Browsing Tag

OCD

OCD

Psychic Scrupulosity, Evil Spirits, and Bad Vibes

Whenever I was sixteen, I was convinced I was evil. I was tormented by intrusive thoughts that took the form of “evil spirits” who I believed were attracted to me (because I was evil). I avoided certain objects because they had “bad energy” and I tried many cleansing rituals like praying, smudging with sage, carrying crystals, and sleeping with rosary beads to chase away the spirits. However, it never was enough. It never worked. I wore a cross around my neck, and at one point, I thought it was burning my flesh (because I was evil, of course!). I went to churches and visited psychics and priests. At my worst, I was unable to be alone, and I wanted to be placed into a metal institution because I could not find relief. This incredible spike went on for over 3 months straight.

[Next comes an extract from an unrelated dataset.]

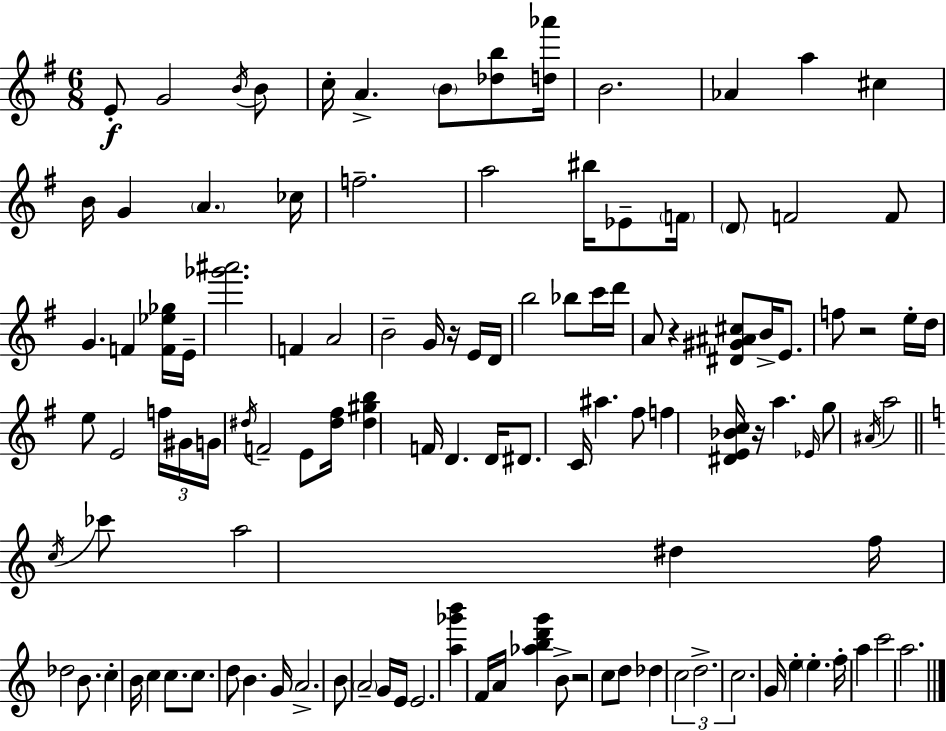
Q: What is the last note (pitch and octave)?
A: A5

I’m sharing my story because there aren’t many resources written about scrupulosity from a new age, spiritual perspective. There are predominate beliefs in the spiritual community which present an extra challenge to OCD suffers like myself. I actually sought help online in spiritual forums and had my OCD reinforced. I’m not here to make the case for woo-woo, but I can honestly say I have retained my spiritual practice and beliefs without OCD. If you are suffering right now, you do not have to give up your spirituality, you just have to recognize how OCD and your spirituality interact.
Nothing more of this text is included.